Your goal: Take the line containing "COVER Upper Case ASM_SPA WT" and each line after it through the end of the data below, and return them exactly, minus any pictures.

Provided data:
★ ★ ★
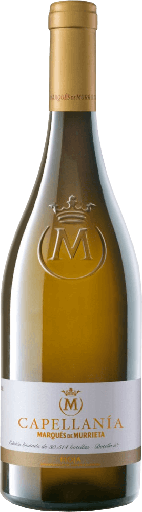 [196427] Marques de Murrieta, Capellania, 2019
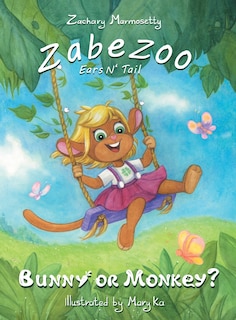 Front cover_Zabezoo Ears N Tail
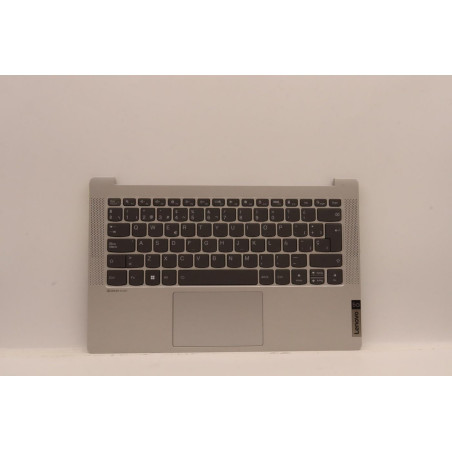 COVER Upper Case ASM_SPA WT
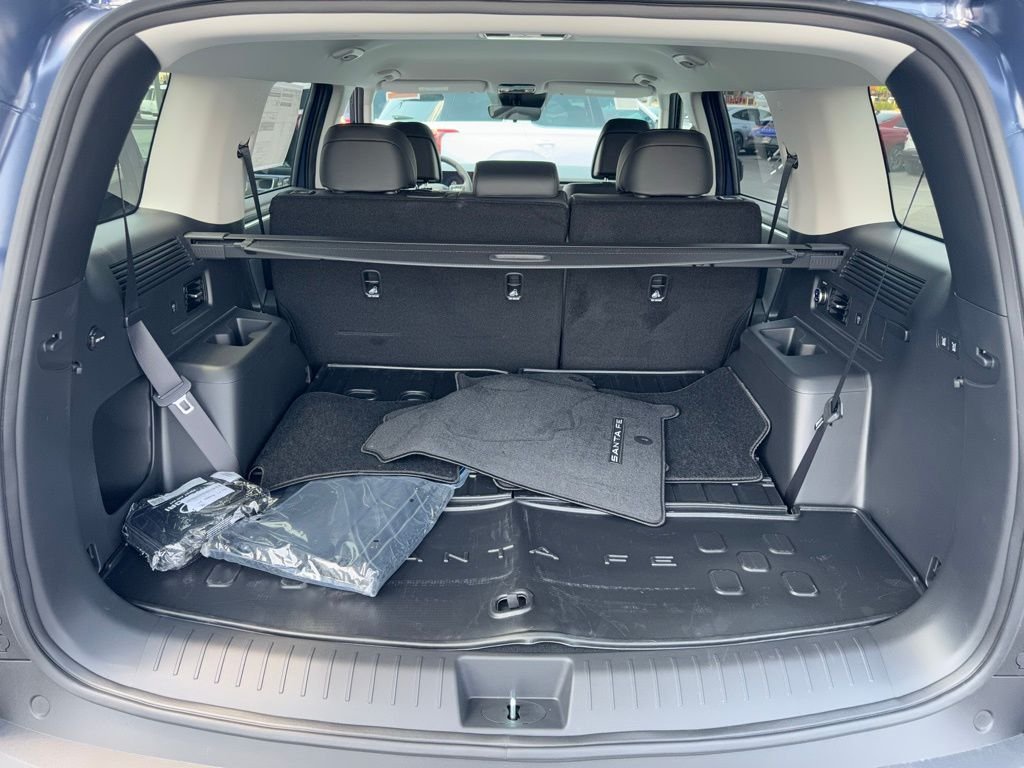 2026 Hyundai Santa Fe SEL - Photo 40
★ ★ ★
Solution to this exercise:
 COVER Upper Case ASM_SPA WT
 2026 Hyundai Santa Fe SEL - Photo 40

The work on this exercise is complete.